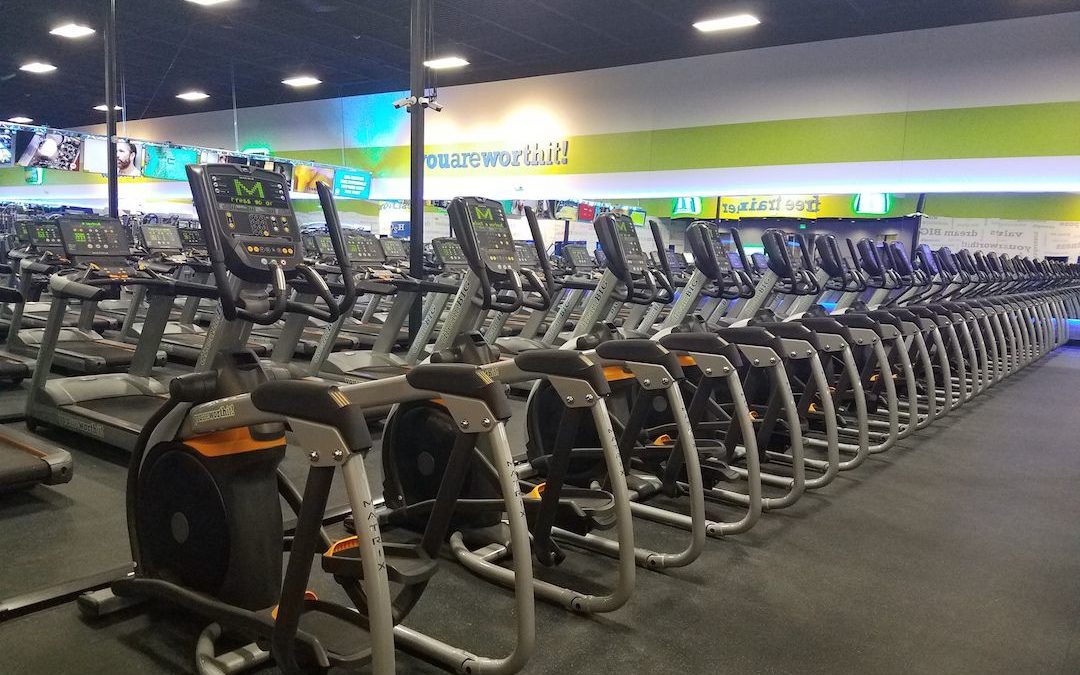 Arlington Texas Gyms | a Quality Gem That Will Give You Many Benefits?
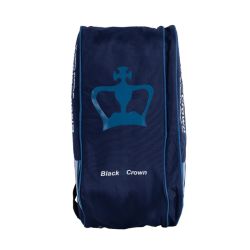 SAC DE PADEL BLACK CROWN ULTIMATE SERIE V2 noir/bleu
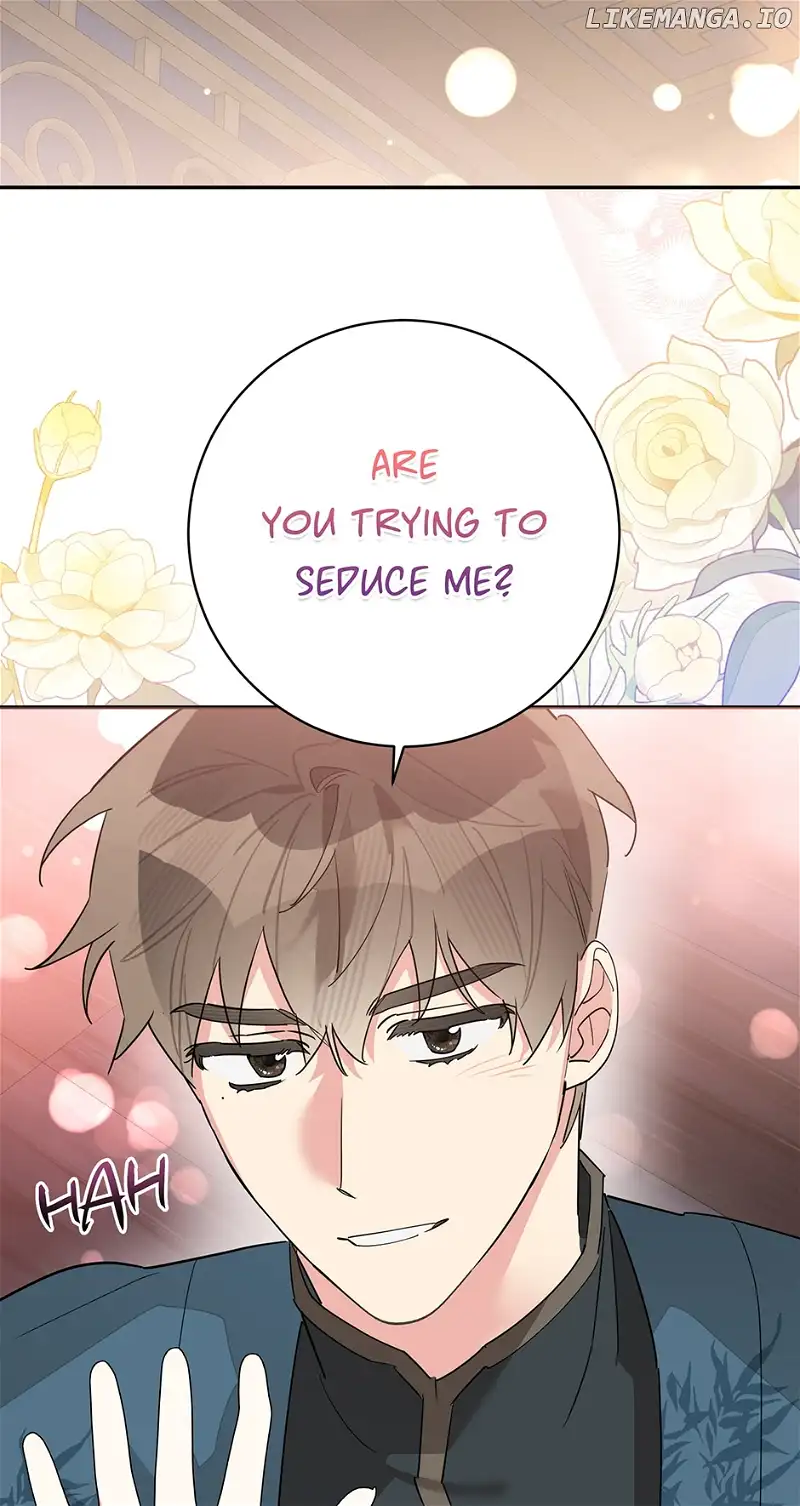 I Am the Precious Daughter of the Greatest Villain in the Fantasy World Chapter 117 - Page 10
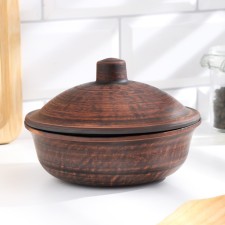 Baking dish 0.55 l., 11x16x16cm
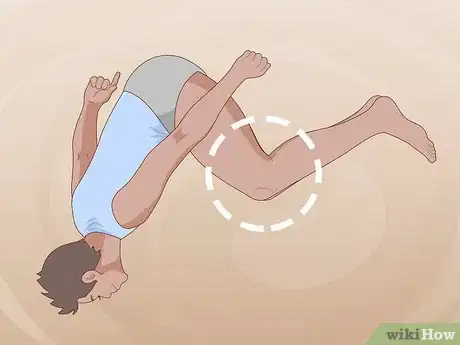 Image titled Do a Backflip Step 13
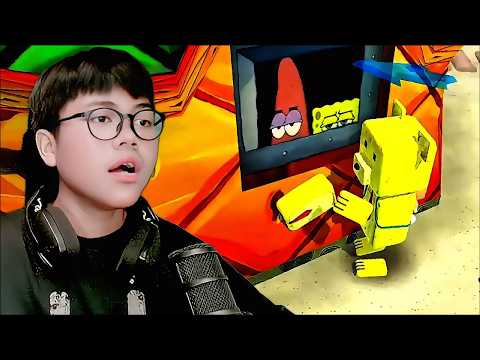 Ini Dia Super Bear Adventure Spongebob thumbnail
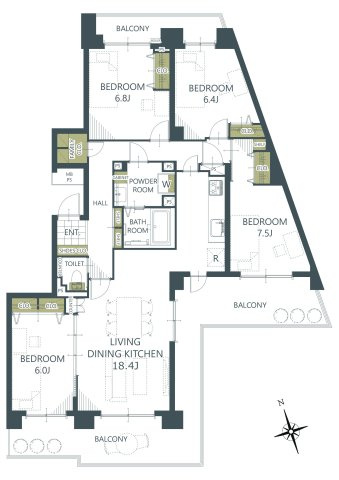 間取り：312001184803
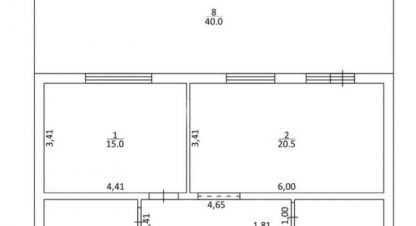 Продаётся 4-х комнатная дом в г. Екатеринбург. Фотография №6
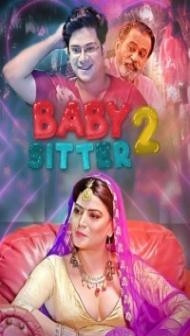 Baby Sitter 2 (2021) KooKu Original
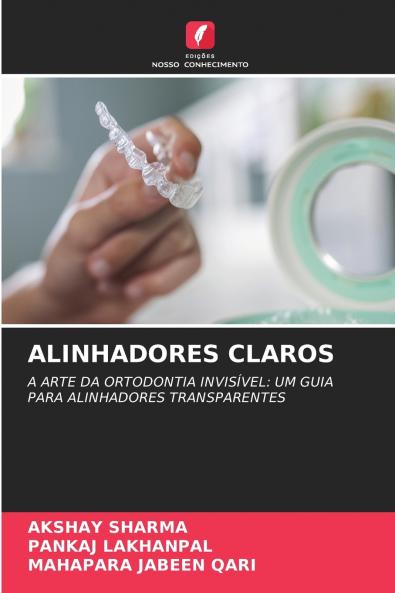 ALINHADORES CLAROS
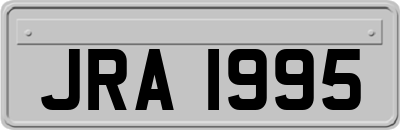 JRA1995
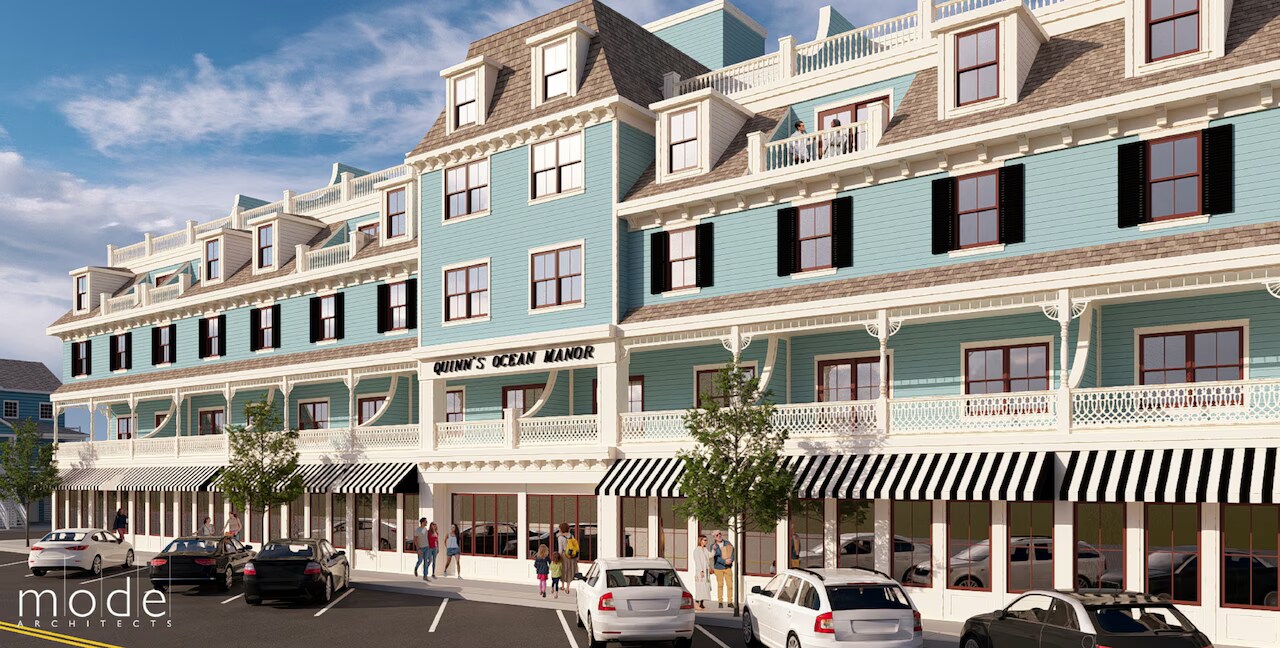 15 Hamilton Ave, Seaside Heights, NJ for Sale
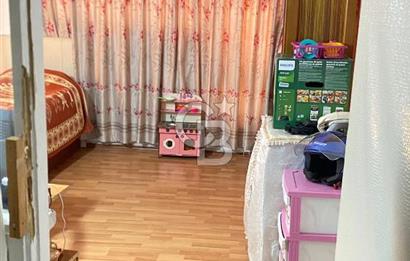 İZMİR BAYRAKLI EMEK MAHALLESİNDE 4 KATLI KOMPLE SATILIK BİNA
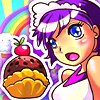 Juego online Rainbow Cakes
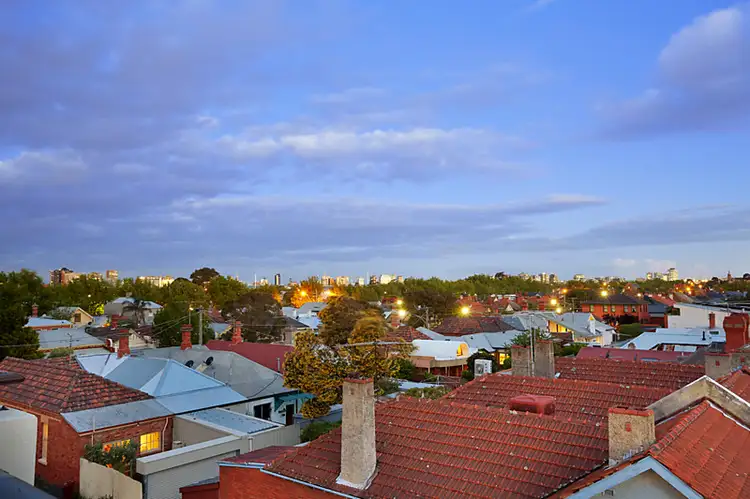 Third view of Homely house listing, 1 Page Street, Albert Park VIC 3206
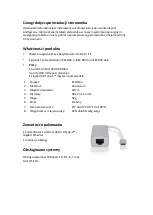 Preview for 12 page of Assmann Digitus DA-70255 Manual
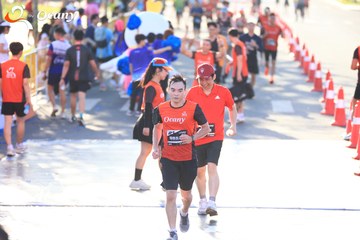 RUN TO LIVE 2025 - Ảnh #3204377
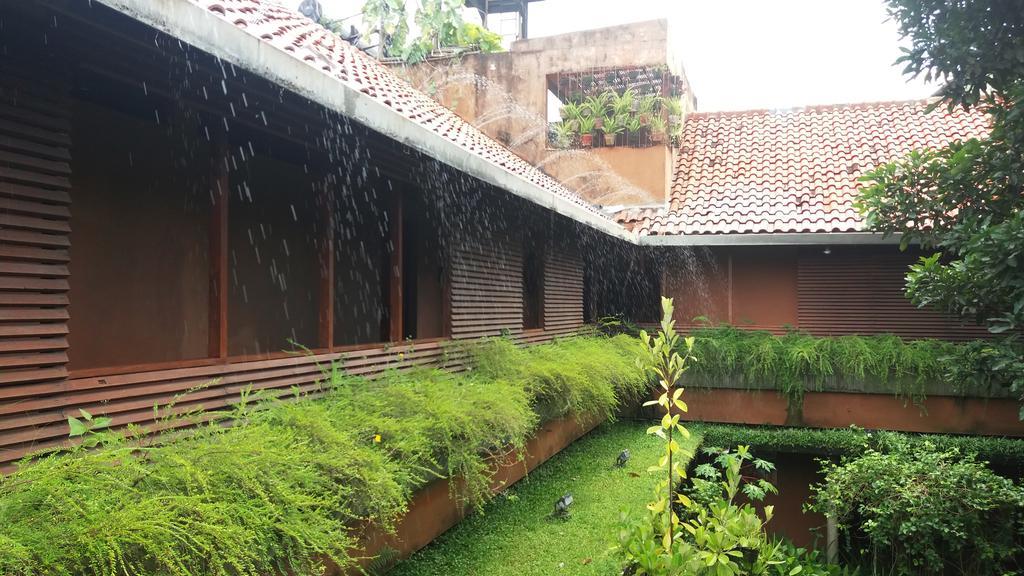 Rumah Turi Eco Boutique Hotel Solo Eksteriør bilde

==*==

Write out the lines of the listing from the one that holds "Third view of" to the very last line, both included, exactly as they appear and without any pictures.

### ANSWER SECTION
 Third view of Homely house listing, 1 Page Street, Albert Park VIC 3206
 Preview for 12 page of Assmann Digitus DA-70255 Manual
 RUN TO LIVE 2025 - Ảnh #3204377
 Rumah Turi Eco Boutique Hotel Solo Eksteriør bilde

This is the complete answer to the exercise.